Hurtado montre comment les quatre évangiles canoniques partagent « un effort programmatique .. de situer Jésus dans un cadre historique, géographique et culturel spécifique…ce Jésus, que les auteurs et les destinataires vénéraient … (et qui) est précisément Jésus de Nazareth » (p.277). Beau constat d’historien qui remplacerait avantageusement pas mal de divers et assez confus « Jésus historiques » ! Je trouve son analyse du terme-clé « Le Fils de l’Homme » (p.302-321) particulièrement belle et importante.

Comme il se doit, l’auteur consacre tout un chapitre au « christianisme johannique » (p.365-439) et y décrit deux crises majeures : la première externe, causée par l’expulsion (de ces groupes chrétiens) de la synagogue ; l’autre interne par l’auto-exclusion d’un groupe « élitiste ». D’où le ton quelquefois polémique dans Jean.

J’aimerais ne citer que deux phrases de ce chapitre qui montrent bien la « griffe » de l’auteur : « Rien ne nous permet de penser que l’auteur de Jean avait une connaissance directe de la philosophie grecque » (p.382).

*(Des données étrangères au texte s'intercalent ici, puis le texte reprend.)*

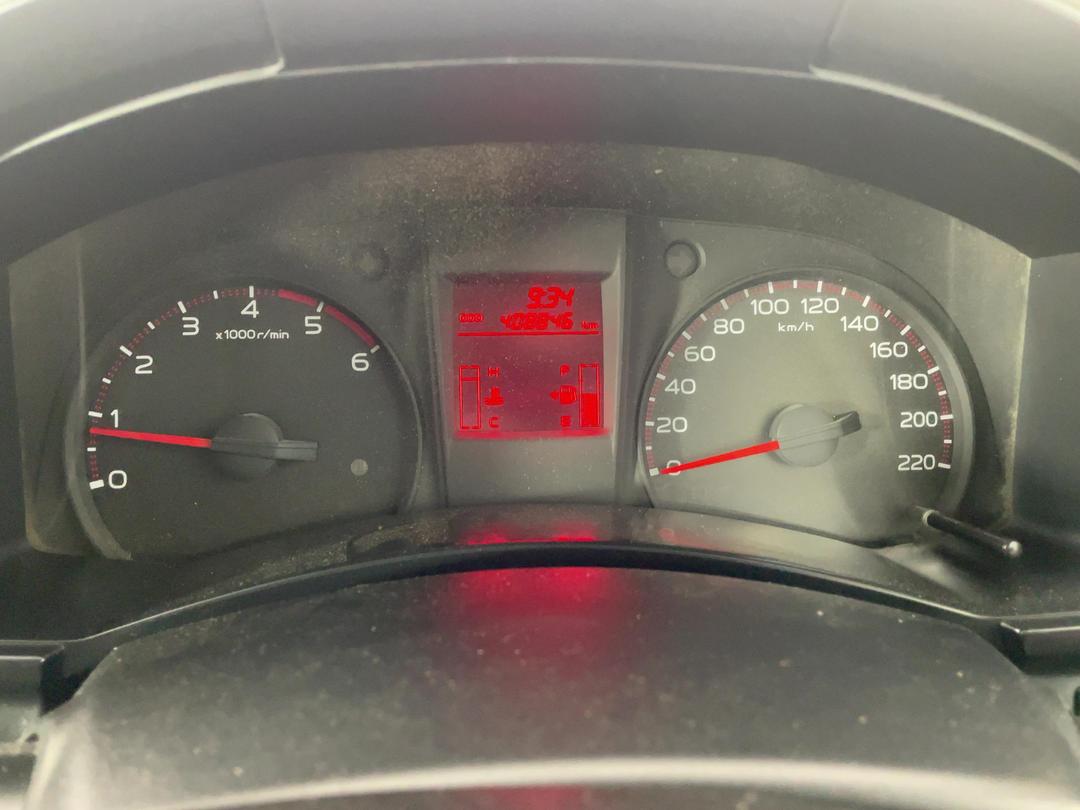 Photo '21' of Isuzu D-MAX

Qu’on cesse donc, de grâce, de nous rebattre les oreilles avec le « logos néo-platonicien » de Jean ! Et cette autre remarque finement théologique : « Ce récit du don de l’Esprit (Jn. 20,19-23) … montre également Jésus agissant comme Dieu, en donnant l’Esprit avec (et qui est ?) son souffle. » (p.412).

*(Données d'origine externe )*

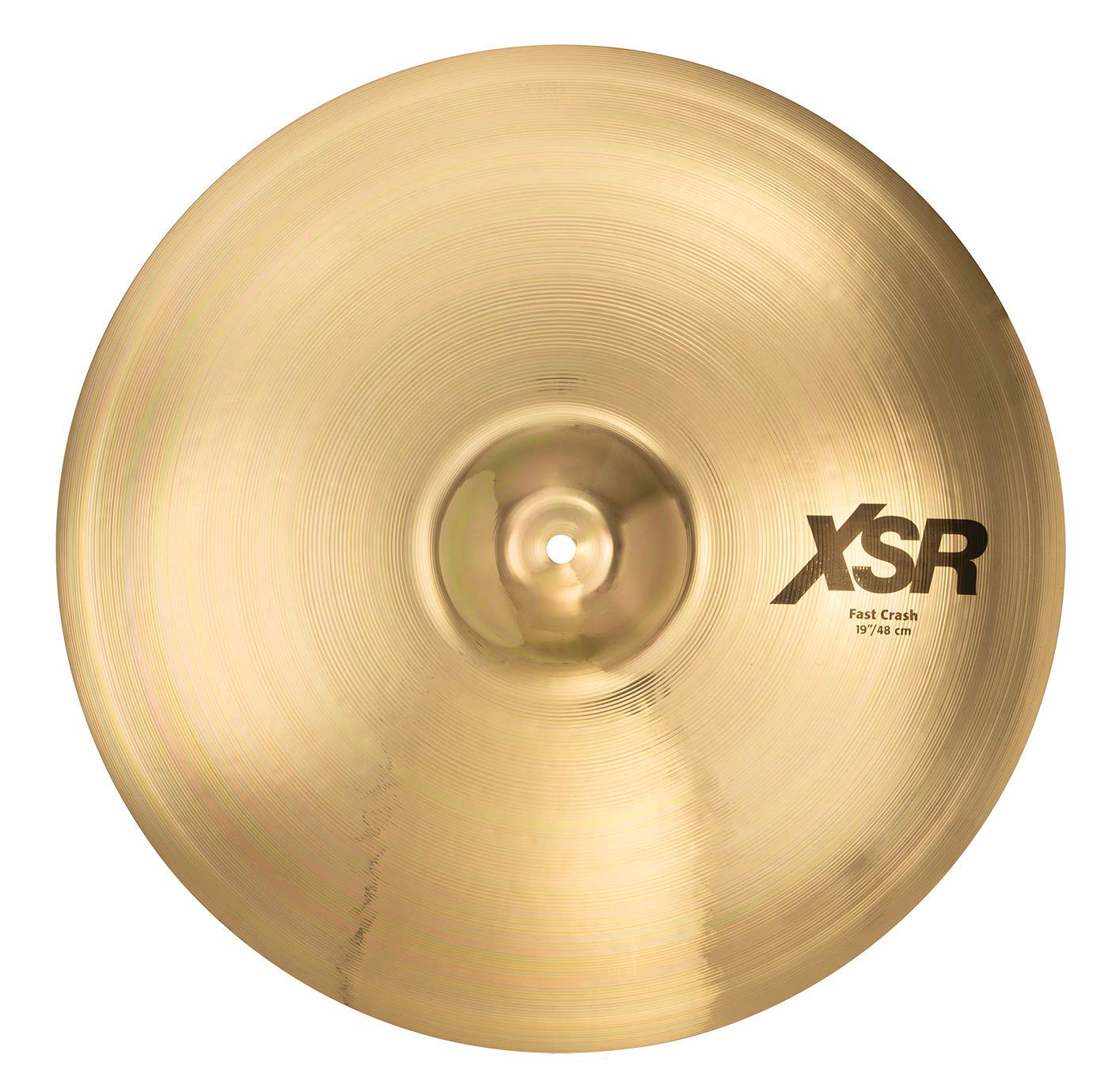 SABIAN 19 XSR Fast Crash Cymbal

Si Hurtado n’a analysé jusqu’ici que des textes canoniques – presque tous : il traitera de la lettre aux Hébreux, des lettres tardives de Paul et de l’Apocalypse un peu plus tard –, il scrute dans la suite un grand nombre de textes non-canoniques ou apocryphes avec le même soin scientifique et la même rigueur. Cela ne fait que mieux ressortir l’abîme de différence en qualité et fiabilité entre les deux catégories (canonique et non).

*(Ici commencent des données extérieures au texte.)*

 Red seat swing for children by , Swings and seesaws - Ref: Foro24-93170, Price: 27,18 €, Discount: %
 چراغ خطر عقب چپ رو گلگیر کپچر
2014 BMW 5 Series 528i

De son dernier chapitre sur « la dévotion proto-orthodoxe » j’aimerais relever deux parties :

  • celle sur « l’évangile quadriforme » (p.601-612) qu’il présente comme un choix remarquable et qui n’allait pas de soi comme le montre la position de Marcion qui a préféré un seul (Luc, tout en le modifiant en son sens !), et le succès du Diatessaron de Tatien qui est une sorte de synopsis ;
  • et celle sur « le martyre » (p.644-650), ce test ultime « en tant qu’expression particulière de la dévotion à Jésus (et qui a eu) une influence notable ». (p.644). L’auteur voue une attention particulière aux lettres d’Ignace d’Antioche « qui, à une époque assez proche de l’Apocalypse, sont un cas unique dans le christianisme des débuts qui nous montre le martyre chrétien du point de vue de la victime » (p.647). « De plus, le martyre était une forme particulièrement publique de dévotion à Jésus...sur une arène organisée par l’Etat » (p.651).

Pour conclure cette revue modeste d’une grande œuvre d’érudit – cela ne peut être une recension critique puisque je ne suis ni spécialiste ni professionnel – je voudrais simplement dire à quel point la lecture de ce livre magnifique est un pur bonheur pour le simple croyant catholique (laïc). Suivre Hurtado dans ses analyses des textes, – canoniques surtout mais même bien d’autres –, est bien enrichissant ; se rendre compte de ses conclusions scientifiques est un réconfort dans la foi ! Car, si je ne m’y trompe pas honteusement, Hurtado montre rien de moins que ceci : que la foi et la dévotion des tout premiers chrétiens étaient bien la même que celles de tous leurs « successeurs » « orthodoxes ou catholiques » des deux millénaires suivants ! Et il est probablement correct de voir dans son livre la « somme » et l’état actuel de nos connaissances historiques sur ce vrai début du christianisme. Si c’est bien le cas, l’auteur aura bien mérité notre reconnaissance la plus profonde et sincère pour sa persévérance et ce fruit splendide de ses efforts !

Il me reste à lui adresser « un désir ardent » : qu’il prenne la peine de rédiger lui-même – car il sera bien le seul à savoir le faire et à en avoir le droit – un résumé de son propre livre ; sept fois moins gros, donc sur une bonne centaine de pages. Un tel livre aurait non seulement la chance d’être lu par un nombre de lecteurs beaucoup plus important – tout le monde n’a ni le courage ni le temps de lire un « gros pavé de 800 pages » ! – mais aussi d’être traduit dans un grand nombre de langues, pour le bien intellectuel et spirituel de millions de croyants et même d’incroyants.